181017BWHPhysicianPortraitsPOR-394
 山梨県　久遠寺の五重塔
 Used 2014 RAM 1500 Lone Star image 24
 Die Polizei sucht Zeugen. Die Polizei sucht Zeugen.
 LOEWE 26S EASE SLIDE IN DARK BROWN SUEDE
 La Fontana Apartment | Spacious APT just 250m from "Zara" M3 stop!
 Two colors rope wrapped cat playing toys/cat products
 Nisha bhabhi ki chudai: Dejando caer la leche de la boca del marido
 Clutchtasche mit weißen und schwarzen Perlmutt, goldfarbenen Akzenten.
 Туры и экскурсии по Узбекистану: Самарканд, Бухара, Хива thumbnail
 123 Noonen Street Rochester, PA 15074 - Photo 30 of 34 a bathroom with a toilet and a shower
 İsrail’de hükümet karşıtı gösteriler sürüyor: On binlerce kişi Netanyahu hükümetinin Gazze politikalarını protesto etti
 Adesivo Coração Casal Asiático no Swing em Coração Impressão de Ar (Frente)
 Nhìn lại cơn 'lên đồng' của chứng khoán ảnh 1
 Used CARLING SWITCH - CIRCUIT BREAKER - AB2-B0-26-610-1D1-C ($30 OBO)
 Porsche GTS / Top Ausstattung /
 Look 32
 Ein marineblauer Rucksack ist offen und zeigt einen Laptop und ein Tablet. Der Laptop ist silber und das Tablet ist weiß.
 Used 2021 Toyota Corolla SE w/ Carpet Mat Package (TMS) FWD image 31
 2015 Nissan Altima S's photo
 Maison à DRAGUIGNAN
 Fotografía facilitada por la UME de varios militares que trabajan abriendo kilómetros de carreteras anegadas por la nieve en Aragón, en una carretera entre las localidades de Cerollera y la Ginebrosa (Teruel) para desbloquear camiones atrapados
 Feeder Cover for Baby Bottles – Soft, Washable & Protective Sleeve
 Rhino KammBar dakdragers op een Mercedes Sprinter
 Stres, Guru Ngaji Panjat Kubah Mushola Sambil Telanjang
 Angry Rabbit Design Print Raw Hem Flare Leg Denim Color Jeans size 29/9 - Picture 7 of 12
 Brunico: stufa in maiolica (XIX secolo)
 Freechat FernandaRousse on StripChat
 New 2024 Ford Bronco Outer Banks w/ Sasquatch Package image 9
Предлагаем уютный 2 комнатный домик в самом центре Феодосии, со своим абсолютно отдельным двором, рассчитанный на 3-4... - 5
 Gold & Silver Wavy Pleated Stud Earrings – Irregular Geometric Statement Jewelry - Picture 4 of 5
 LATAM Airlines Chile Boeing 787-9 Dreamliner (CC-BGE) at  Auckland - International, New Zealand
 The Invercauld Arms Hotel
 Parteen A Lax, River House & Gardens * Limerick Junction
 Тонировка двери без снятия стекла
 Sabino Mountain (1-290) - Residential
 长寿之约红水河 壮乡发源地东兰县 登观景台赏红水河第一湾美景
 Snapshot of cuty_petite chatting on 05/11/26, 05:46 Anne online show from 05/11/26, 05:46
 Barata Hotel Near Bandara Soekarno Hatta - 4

*Your objective*.
Work out how many lines in the material contain the string "Package", then write that number and nothing more.

*Answer*.
2